It didn’t. But I stood by what I said. Not all guys are like that.
When I was nineteen and my roommate decided the only way to celebrate the end of midterms was to get wasted at a club, I humoured her.
Four drinks, countless leers and five hands up my skirt later, I informed her I was ready to leave.
“I get why you’re upset,” she told me on the walk home, “but you have to tolerate that sort of thing if you want to have any fun. And really, not all guys are like that.”
(Age nineteen also saw me propositioned for casual sex by no fewer than three different male friends, and while I still believe that guys and girls can indeed be just friends, I was beginning to see my uncle’s point.)
When I was twenty and a stranger that started chatting to me in my usual cafe asked if he could walk with me (since we were going the same way and all), I accepted.
Before we’d even made it three blocks he was pulling me into an alleyway and trying to put his hands up my shirt. “You were staring,” he laughed when I asked what the fuck he was doing (I wasn’t), “I’m just taking pity.”
But not all guys are like that.
I am twenty one and a few days ago a friend and I were walking down the street. A car drove by with the windows down, and a young man stuck his head out and whistled as they passed. I ignored it, carrying on with the conversation.
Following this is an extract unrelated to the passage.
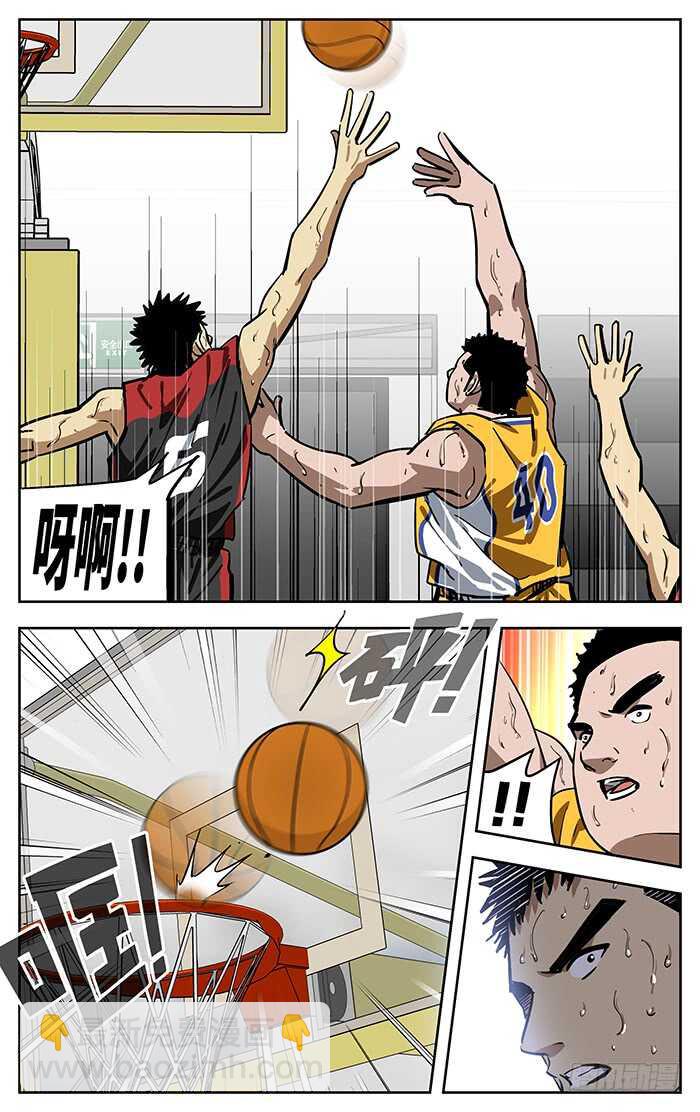 259.特别17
My friend did not. “Did you know those people?” He asked.
“Not at all,” I answered.
Later when we sat down to eat he got this thoughtful look on his face. When I asked what was wrong he said, “You know not all guys do that kind of thing, right? We’re not all like that.”
As if he were imparting some great profound truth I’d never realized before. My entire life has been turned around, because now I’ve been enlightened: not all guys are like that.
No. Not all guys are. But enough are. Enough that I am uncomfortable when a man sits next to me on the bus. Enough that I will cross to the other side of the street if I see a pack of guys coming my way. Enough that even fleeting eye contact with a male stranger makes my insides crawl with unease. Enough that I cannot feel safe alone in a room with some of my male friends, even ones I’ve known for years. Enough that when I go out past dark for chips or milk or toilet paper, I carry a knife, I wear a coat that obscures my figure, I mimic a man’s gait. Enough that three years later I keep the story of that day to myself, when the only thing that saved me from being raped was a right hook to the jaw and a threat to scream in a crowded dorm, because I know what the response will be.
I live my life with the everburning anxiety that someone is going to put their hands on me regardless of my feelings on the matter, and I’m not going to be able to stop them. I live with the knowledge that statistically one in three women have experienced a sexual assault, but even a number like that can’t be trusted when we are harassed into silence. I live with the learned instinct, the ingrained compulsion to keep my mouth shut to jeers and catcalls, to swallow my anger at lewd suggestions and crude gestures, to put up my walls against insults and threats. I live in an environment that necessitates armouring myself against it just to get through a day peacefully, and I now view that as normal. I have adapted to extreme circumstances and am told to treat it as baseline. I carry this fear close to my heart, rooted into my bones, and I do so to keep myself unharmed.
So you can tell me that not all guys are like that, and you’d even be right, but that isn’t the issue anymore. My problem is not that I’m unaware of the fact that some guys are perfectly civil, decent, kind—my problem is simply this:
In a world where this cynical overcaution is the only thing that ensures my safety, I’m no longer willing to take the risk.